Stiglitz is the former chief economist at the World Bank and
has appointments at the School of International and Public Affairs,
the Graduate School of Arts and Sciences and the Business School.
His work is considered the broadest among the three winners, whose
findings explain, among other things, why consumers view warranties
as signals of product quality, why insurance companies vary
premiums and offer deductibles, and why a used car sells even
though it is a lemon. Their theories incorporated "imperfect
information" into economics — a concept at odds with the
mainstream view that markets are all-knowing and
self-correcting.
The
academy noted that Stiglitz "clarified the opposite type of market
adjustment, where poorly informed agents extract information from
the better informed, such as the screening performed by insurance
companies dividing customers into risk classes by offering a menu
of contracts where higher deductibles can be exchanged for
significantly lower premiums. In a number of contributions about
different markets, Stiglitz has shown that asymmetric information
can provide the key to understanding many observed market
phenomena, including unemployment and credit rationing."

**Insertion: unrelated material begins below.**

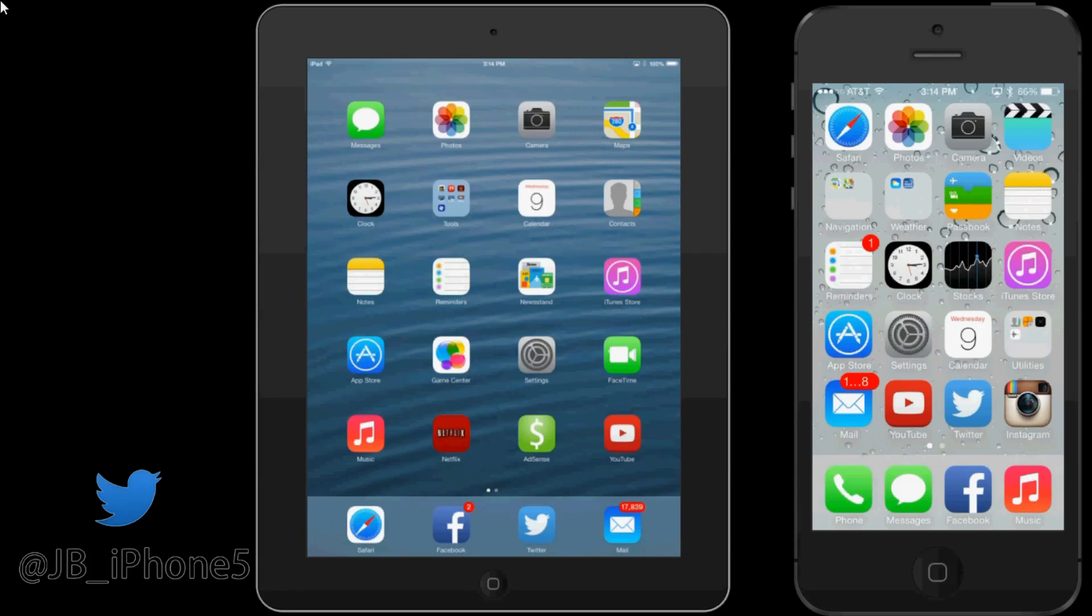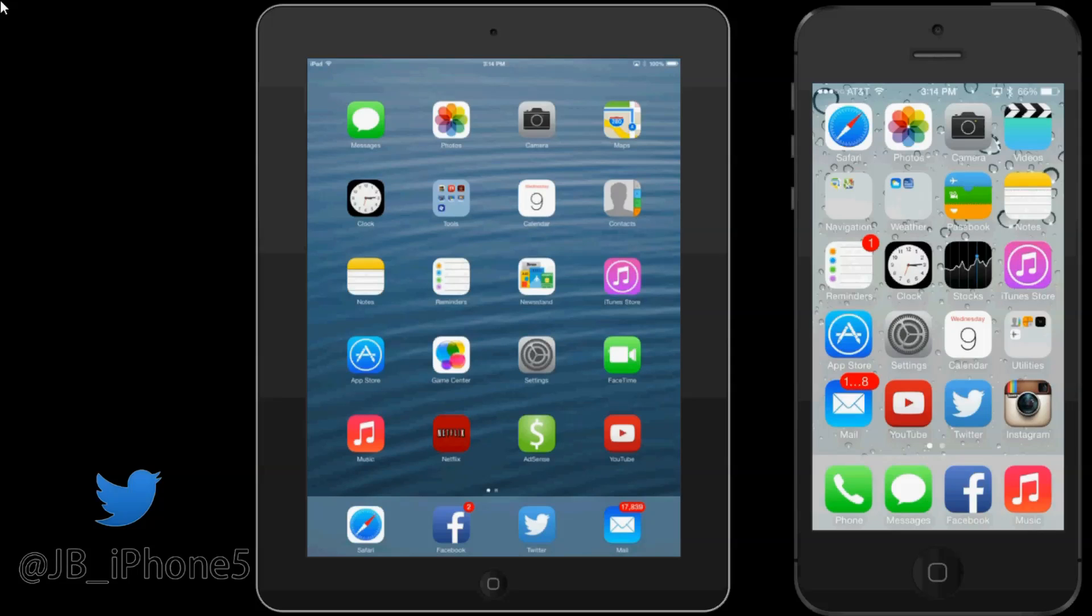On the left here I have my iPad mini, even though it doesn't look like that in the reflector. And then on the right I have my iPhone 5S.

Stiglitz noted that "economics can make a difference" in
improving people's lives by "focusing on the difference between the
haves and have-nots. … Our global system is characterized by
a lot of inequities," he added. "One part of the market knows more
than another, and in a sense imperfect or asymmetric information is
at the heart of our work."
Stiglitz became a tenured professor at Yale at the age of 27
and has been on the faculty of Princeton and Oxford as well as
Stanford. At 29, he became a fellow of the Econometric Society, and
he is a member of the National Academy of Science. He also is the
recipient of the prestigious John Bates Clark Medal, awarded every
two years to the American economist under the age of 40 who has
made the most significant contributions to the subject.
Stiglitz has been influential in the making and evaluation of
economic policy in the last decade, serving on President Clinton's
Council of Economic Advisers, first as a member and later as
chairman with cabinet rank, before becoming chief economist of the
World Bank.
Overall, 63 individuals who have taught or studied at Columbia
have won the Nobel Prize since it was first awarded in 1901,
including 21 current or former faculty members who won the prize
for work done while at Columbia. The late William S. Vickrey was
awarded the Nobel Prize in Economics in 1996 and Robert Mundell
received the prize three years later.